Susholtz, who owns and helped design ART Produce Gallery, has been active in the North Park community for more than 20 years. This is her fourth Orchid award. “I’m very happy the jury recognized the gallery,” she told Uptown News. “It was designed to bring a sense of vitality to the neighborhood, and to generate public discourse … something that public art is supposed to do. I love that people who may not have ever been to a gallery or museum can see art in their own neighborhood on their way to a store or the bus stop.”
The O&O jury stated that “owner/artist Lynn Susholtz and ART Produce made crucial contributions to the visual and social quality of life in the North Park neighborhood. It does much more than a sculpture sitting in the middle of a plaza … It’s a provocation: to think about art in the community.”
Elizabeth Studebaker, Executive Director of North Park Main Street, concurs. “The gallery is widely considered one of North Park’s most respected gallery spaces.

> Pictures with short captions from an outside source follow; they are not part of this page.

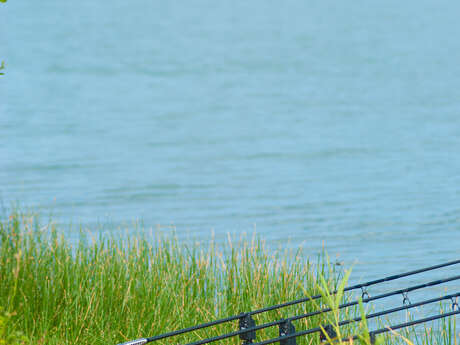Parcours de pêche - Base de loisirs de la Monnerie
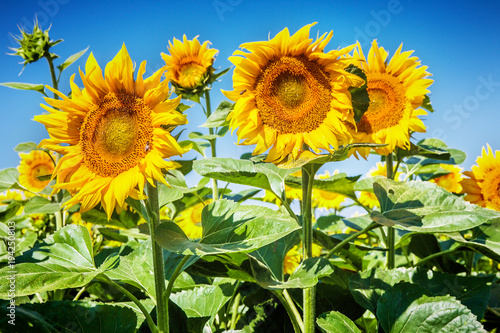 Field of blooming sunflowers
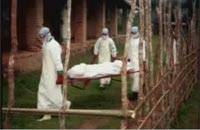 http://zav.minsk.gov.by/images/stories/useful/ebola/3.png
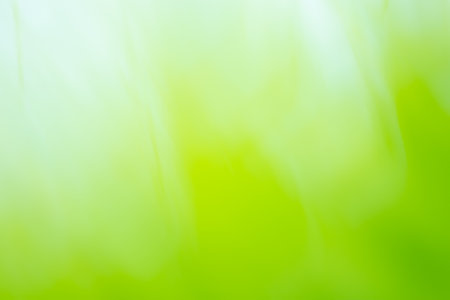 Grass plant on summer morning sunrise blurred background.の写真素材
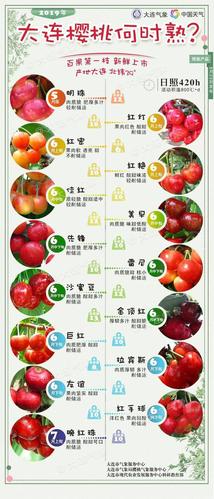 2019年大樱桃成熟上市期预报新鲜出炉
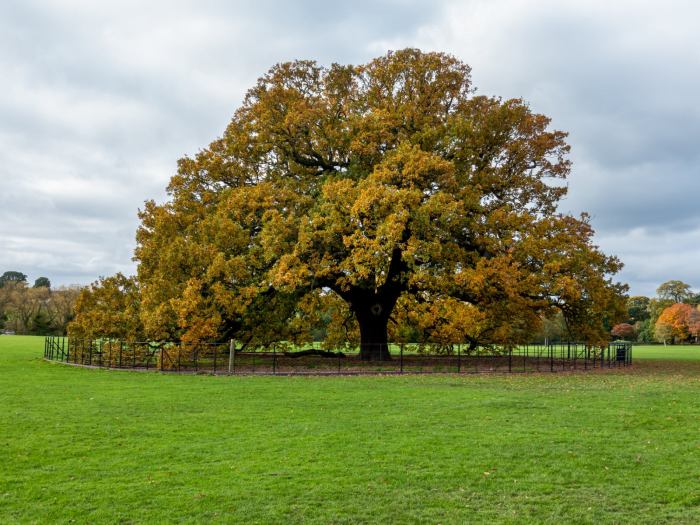 How tall do oak trees get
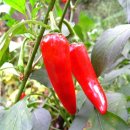 송정주유소 이미지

Lynn has raised the bar in this community by aggressively showcasing local artists. She has developed a space that encourages public access to art, where discourse and debate happen 24 hours a day. Lynn and ART Produce are two of North Park’s most valuable treasures.
Uptown Onions of a different kind
While Parks both South and North garnered Orchids, Hillcrest got smacked with two Onion awards. One for the planning process for the Uptown Interim Height Ordinance (IHO), and the other for an architectural opportunity missed with the 18-unit multi-family housing project set, appropriately, on Albatross Avenue.
Uptown Interim Height Ordinance (IHO): Onion Award for Planning Policies
According to the jury notes, even the judges had mixed emotions and opinions about the temporary ordinance to cap buildings in Hillcrest at 50 feet. And certainly most community activists and leaders involved in the community planning process took issue with the award, thinking it was more orchid than onion.
The folks who think the IHO is an example of the worst sort of planning are sore that it damages the 20-year old Uptown Community Plan, which embraced smart growth and the City of Villages Framework Plan. They suggest that the IHO will plant five-story monotonous stucco boxes where elegant towers should grow.
The judges had a tough time with this one. They had a heated debate on the core issue, but came down to agreeing that the lack of transparency in getting the ordinance passed was the stinker. “It was less what than how,” they said. “The jury felt the swift implementation of this ‘back door’-brokered ordinance was done without planning protocol, proper public hearings or any real research into either the short-term or long-term consequences of the action.”
“If it is an onion, it’s a sweet one,” countered Benjamin Nicholls, Executive Director of the Hillcrest Business Association. “The ordinance is designed to give us a little breathing room while we have time to reflect and debate, so that we can create a community development plan that is an example for the rest of the city. I think that it got an onion because people didn’t understand its purpose. It’s a shield that gives us time to develop a wonderful plan. And if we don’t have our community plan ready by the time it expires, we’ll ask the city to extend it until we’ve got it right.”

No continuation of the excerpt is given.